Healthcare Foundations - Insurance Protection
Overview of Issue
The foundation is the fundraising arm of the healthcare organization. Its Board has fiduciary responsibility over the operations of the Foundation, including protecting its assets from unnecessary risk and ensuring that there are no excessive administrative costs. In addition to meeting fundraising targets and increased demand for transparency in process, foundations must navigate and comply with increasingly complex federal and provincial legislation. Lack of compliance puts Foundations at risk for allegations of breach of trust, loss of charitable or corporate status, and legal action by donors.
Refer to related Risk Notes for further recommendations:
- Errors and Omissions/Directors’ and Officers’ Liability Insurance Policy
- Special Events
- Contracts – Insurance Clauses
- “Associated or affiliated foundations” are both Named Insured’s under the policy.

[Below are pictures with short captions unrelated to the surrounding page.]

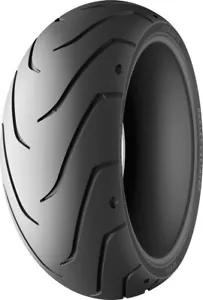 Neumático Michelin Scorcher 11 trasero 150/60ZR17 (66W) radial Harley-Davidson Cruiser - Imagen 1 de 1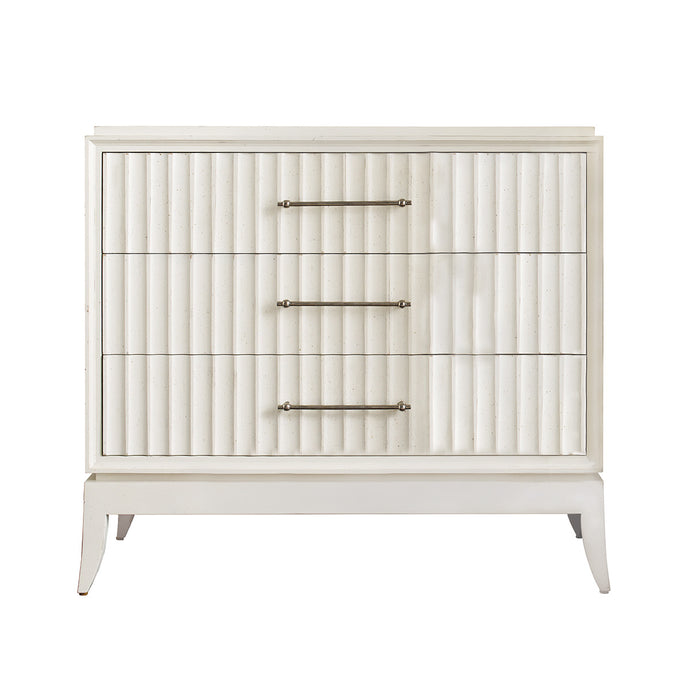 Habersham Classic 3 Drawer Chest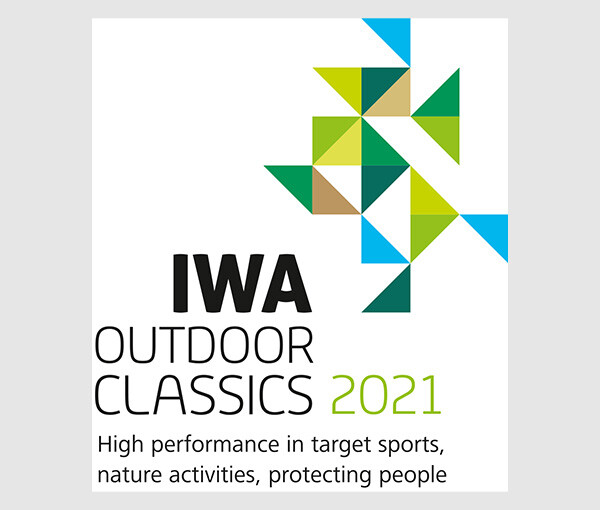 Logo IWA OutdoorClassics 2021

Meaning, both healthcare organization and its Foundation - working exclusively on its behalf - are subject to the same terms and conditions of the policy which includes additional insuring agreements, special provisions, exclusions and limitations.
Things to Consider
Definitions and Coverage Distinction
- Named Insured - the person/entity contracting with the Insurer. This party enjoys the benefits of the policy and has the duties and obligations set forth in the contract.
- Additional Insured – person/entity not automatically covered as an insured under an insurance policy that is added as an insured at the request of the insured person/entity.
- As a rule, additional insureds are insured only in relation to a specific event, services, agreements or contracts related to the insured’s operations.
- Further, the Additional Insured does not necessarily have the same benefits, obligations and duties as the Named Insured.
- Paragraph 1 of the Special Provisions section of the HIROC Liability and Crime policy establishes the criteria for and describes who may qualify as an Additional Insured or contact firstname.lastname@example.org
Insurance Protection for Foundations – Interpreting the HIROC Policy
- The Declarations section of the HIROC Liability and Crime policy states that the Subscriber (i.e. the insured healthcare organization) and their “associated or affiliated foundations” are both Named Insured’s under the policy. Meaning, both the healthcare organization and its Foundation - working exclusively on its behalf - are subject to the same terms and conditions of the policy which includes additional insuring agreements, special provisions, exclusions and limitations.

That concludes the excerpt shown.